R. – Dans les pays de culture juridique anglo-saxonne, mais aussi en France, les évêques prennent généralement connaissance des crimes commis par leurs prêtres hors confession, ce qui les oblige à recourir à l'autorité judiciaire. C'est une situation grave car ces évêques sont comme un parent contraint à dénoncer son fils. Dans ces cas, nous recommandons de respecter la loi civile.

Q. – Et si l'évêque n'a pas cette obligation?

R. – Dans ces situations la congrégation n’oblige pas les évêques à dénoncer leurs prêtres, mais elle les encourage à inviter les victimes à dénoncer leur bourreaux. Nous encourageons les évêques à fournir à ces victimes toute l'assistance nécessaire, et pas strictement spirituelle. Dans le cas récent d'un prêtre condamné par un tribunal civil italien, c'est la congrégation qui a suggéré aux dénonciateurs réclamant une procédure canonique d'alerter la justice civile. Cela dans l'intérêt des victimes et pour éviter de nouveaux actes délictueux.

Q. – La prescription est-elle prévue pour les « Delicta graviora »?

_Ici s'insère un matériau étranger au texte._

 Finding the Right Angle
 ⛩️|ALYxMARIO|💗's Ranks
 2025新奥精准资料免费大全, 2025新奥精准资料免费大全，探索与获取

R. – Vous touchez un point délicat. Avant 1898, le principe de la prescription pénale était étranger au droit de l'Eglise. C'est seulement avec le Motu Proprio de 2001 qu'on a introduit pour les crimes graves une prescription de dix ans. Pour les délits sexuels, la décennie commence au dix-huitième anniversaire de la victime.

Q. – Est-ce suffisant?

R. – La pratique a montré que cette prescription décennale n'est pas adapté à ce type d'affaires. Il serait bon d’en revenir au système précédent fixant l'imprescriptibilité de ces « Delicta Graviora ». Cela dit, le 7 novembre 2002, Jean-Paul II a concédé à la Congrégation pour la doctrine de la foi une faculté de dérogation au cas par cas, à la demande motivée de l'évêque intéressé. Elle est généralement accordée.